With summer upon us, more than 50 million Americans over the age of six will go swimming in a public pool at least six times this year. However, a scathing report from the Centers for Disease Control and Prevention (CDC) says this popular warm weather activity has some potentially dangerous and unintended consequences for swimmers.

Nearly 80 percent of pools have safety issues

Researchers with the CDC found almost eight out of ten pool examinations with at least one safety code violation, some with as many as 21.

Of those, 12 percent of the pools had to be closed immediately after the inspection. The most common problems found were improper levels of pH, inadequate safety equipment, and improper concentration of disinfectants.

More than 300,00 pools in the USA.

There are an estimated 309,000 public pool locations throughout the U.S., with 40 percent of those concentrated in Arizona, California, Florida, New York, and Texas. Researchers reviewed 84,187 inspections of 48,632 community pools as well as other public water facilities in these states specifically.

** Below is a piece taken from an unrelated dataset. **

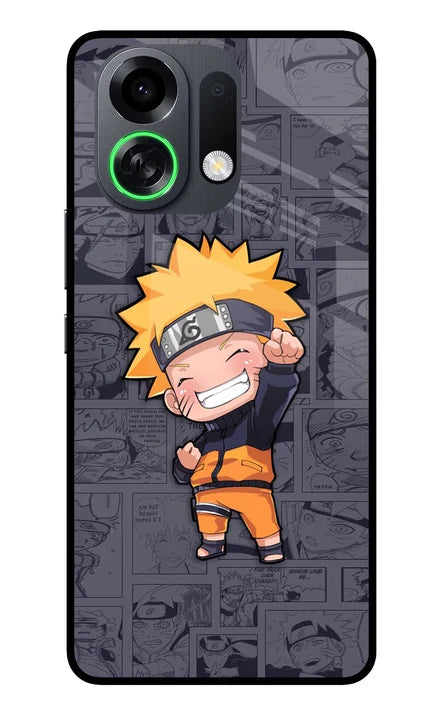 Chota Naruto OPPO K13 Turbo Pro 5G Back Cover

Pool safety violations are nothing new

After over three decades of pool-related contamination reports, the CDC created the Network for Aquatic Inspection and Surveillance three years ago. The system was tasked with keeping an eye on the safety of public pools.

In cooperation with the New York State Department of Health, the CDC developed the Model Aquatic Health Code. The guidance document was written to help local and state health authorities make swimming or other water activities much safer and healthier for the public.

Ohio's 2007 pool contamination.

The largest and most extensive incident reported to the CDC of water contamination happened in 2007 at an aquatic park in Ohio. Chlorine in the pool water mixed with sweat and urine which created chemicals known as chloramines. Over 665 cases of eye and respiratory tract issues were reported by patrons and lifeguards to local health authorities.

The authors of the CDC report said the results found do not necessarily represent public pools throughout the nation.

Even among the five states used in the study, not all counties shared their inspection records. However, the statistics were dramatic enough to demonstrate a definite need to “improve the operation and maintenance” of public water areas in the U.S.